It seemed like a simple request. I was in an elevator in my hotel. A woman walked in with her two children. Two fine young men both wearing North Carolina shirts. The mom asks if the young man has the room key and he answered yes, “You gave me yours to hold. Maybe next time we can get three room keys instead of two.”
Mom: No we do not need three keys.
Younger child: What do you need a key for Timmy?
Timmy: Well for one, when mom has stuff in her hand I could open the door and also you and I have gone out a few times and we had to knock on our door to get back in.
Mom: I told you already you do not NEED a key.
Timmy’s face shows a little hurt.

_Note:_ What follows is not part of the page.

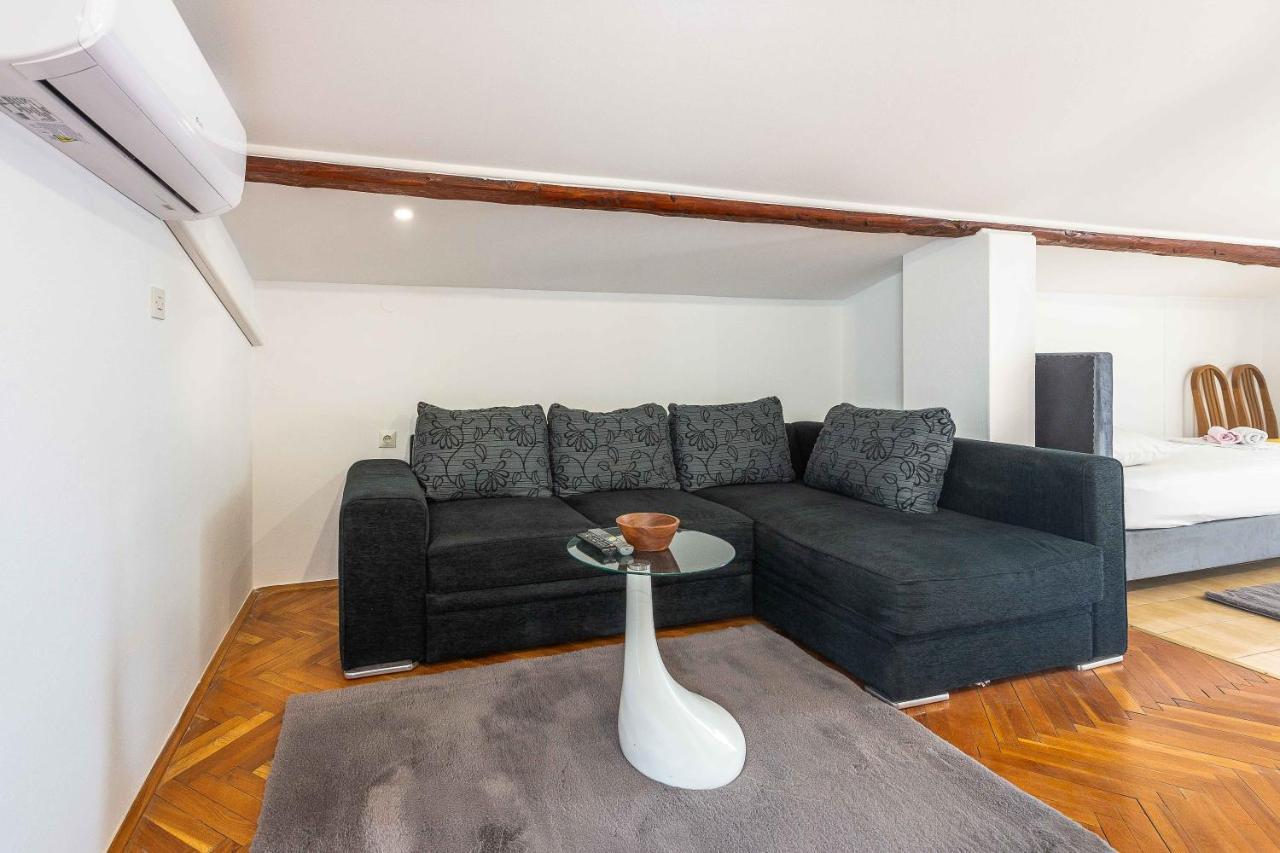 Apartmani Tatjana Новалья Экстерьер фото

Not a lot, but disappointed.
On face value, and I get the fact that Mom may have had a million fabulous reasons not to give Timmy a hotel key, but on face value, it made me think how many times we may miss the opportunity for our child to be more responsible, and we do not give them the chance.
To be clear, again; Timmy could have lost a thousand keys in their travels and Mom knows that but let’s assume for today’s article that she said ‘no’ just because it was the easiest route to take.

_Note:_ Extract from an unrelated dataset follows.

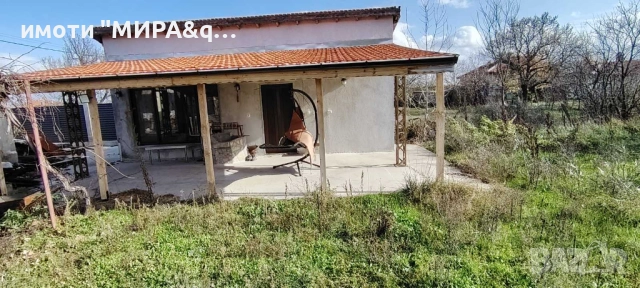 Стара къща с лятна кухня и голям парцел-с. Долно Сираково, обл.Хасково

How many times do we do that? I remember years ago, while at a conference I heard a child say to her mom, “I can do that.” Mom was checking her blood sugar. “No, I have to do it.” Um……er……..no you don’t mom. If your child shows the least bit interested in checking their own blood sugar or giving themselves their shot——it might be worth letting them try.

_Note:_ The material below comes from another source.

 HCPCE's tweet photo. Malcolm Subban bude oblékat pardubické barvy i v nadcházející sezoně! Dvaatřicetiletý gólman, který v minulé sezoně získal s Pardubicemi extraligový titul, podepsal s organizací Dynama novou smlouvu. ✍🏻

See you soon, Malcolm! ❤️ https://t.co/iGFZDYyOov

Your child’s diabetes does not belong to you, it’s the unfortunate truth, but it belongs to them. It surely impacts all of you but I have said this before; the more you give it back to your child and the sooner you do it; it will be better for all.
And, yes, I have heard the statement that kids will have to take care of this their entire life so the more the parents do now, so the child does not have to—-it allows them to just be kids.
And if you live by this philosophy and it works for you, I’m not here to convince you otherwise but rather just to ask you to consider the following: Every parent has to make the call to do what’s right. But I WILL state this: In as much as you want your child to just be a child, them NOT taking care of their own diabetes means that wherever they go, whatever they do, whatever they are in the middle of; they need to stop and find you. Whereas, the child who takes care of their own diabetes, takes care of it right then and there………………..and moves on. Which scenario is a child being more like the child we would like to see?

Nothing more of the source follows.